YOUR TASK: Leave the pictures out, and transcribe the material below exactly from the line with "Rip Curl Bag STANDARD TOTE YAMBA Navy" to the line with "Home Mit Bildern", both lines included.

SUPPLIED ENTRIES:

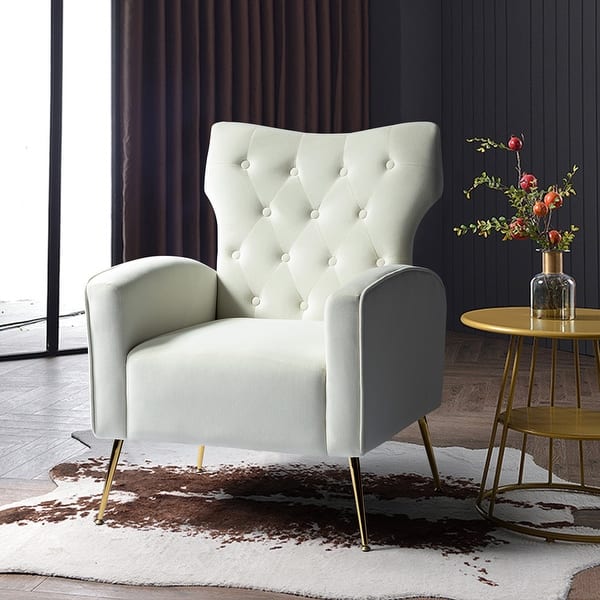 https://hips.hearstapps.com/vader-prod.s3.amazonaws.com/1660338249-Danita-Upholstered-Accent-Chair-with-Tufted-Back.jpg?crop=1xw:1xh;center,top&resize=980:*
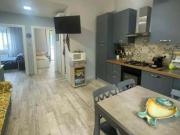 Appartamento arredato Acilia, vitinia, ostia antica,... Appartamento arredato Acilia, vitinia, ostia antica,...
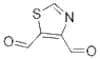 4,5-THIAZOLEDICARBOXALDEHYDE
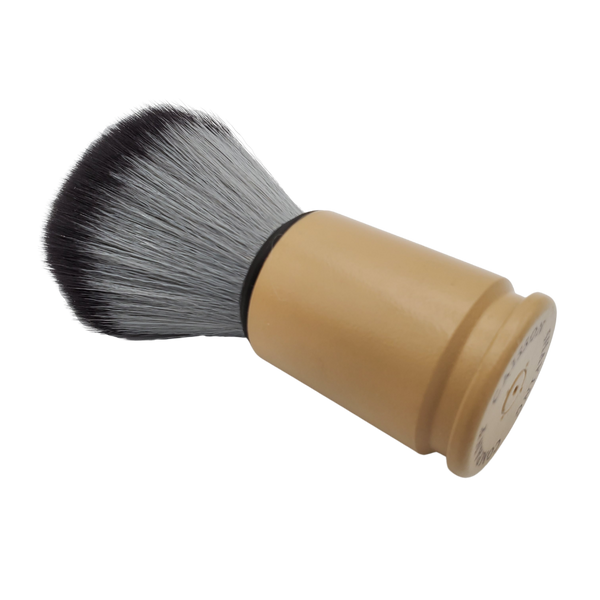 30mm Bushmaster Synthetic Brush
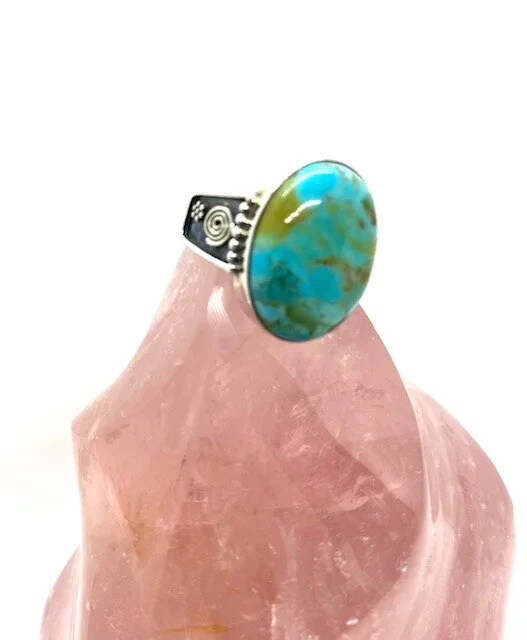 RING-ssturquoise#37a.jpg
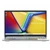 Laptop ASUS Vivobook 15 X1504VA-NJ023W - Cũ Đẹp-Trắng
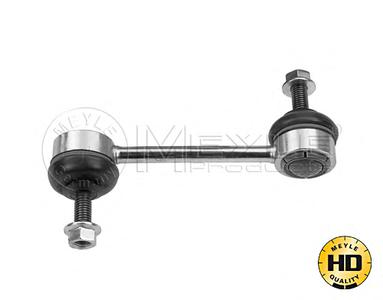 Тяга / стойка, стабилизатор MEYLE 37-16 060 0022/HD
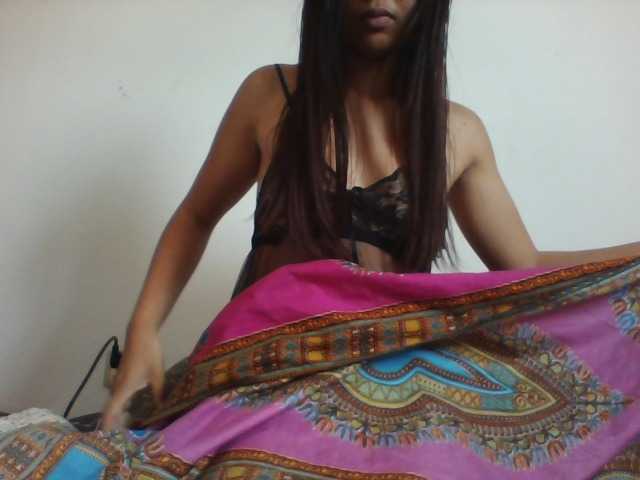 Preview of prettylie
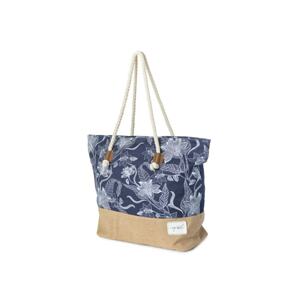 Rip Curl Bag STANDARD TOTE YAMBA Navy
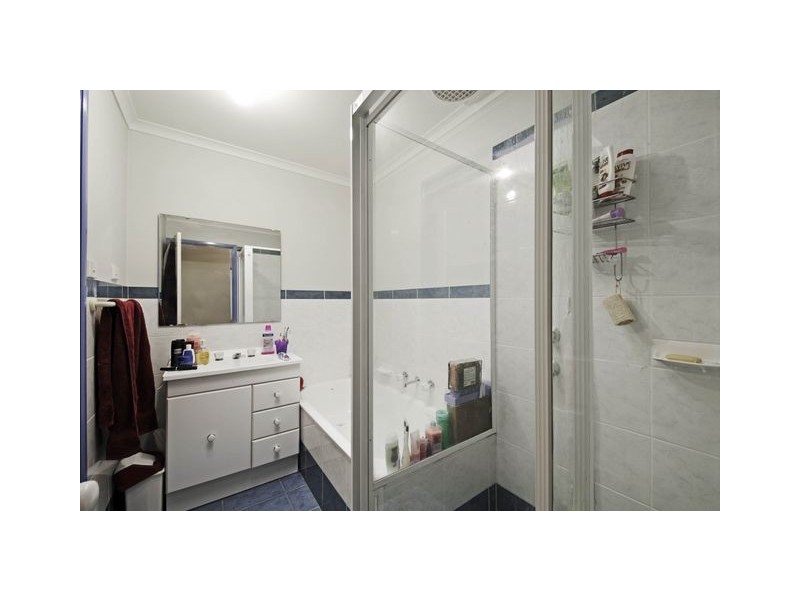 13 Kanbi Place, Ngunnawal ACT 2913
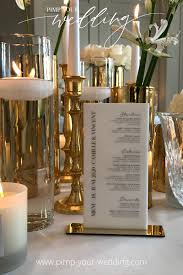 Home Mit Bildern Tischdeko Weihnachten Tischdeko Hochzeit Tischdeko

* * *

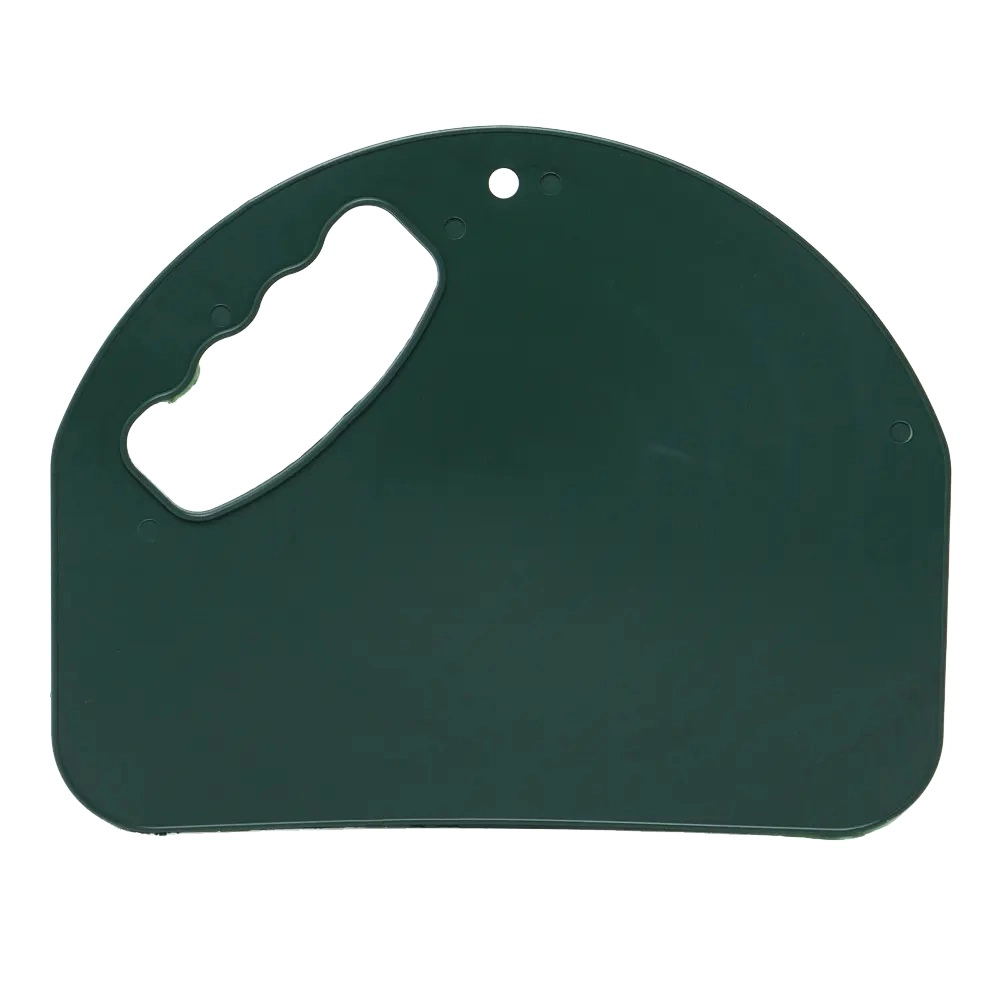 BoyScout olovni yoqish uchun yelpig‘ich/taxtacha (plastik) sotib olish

OUTPUT BELOW:
 Rip Curl Bag STANDARD TOTE YAMBA Navy
 13 Kanbi Place, Ngunnawal ACT 2913
 Home Mit Bildern Tischdeko Weihnachten Tischdeko Hochzeit Tischdeko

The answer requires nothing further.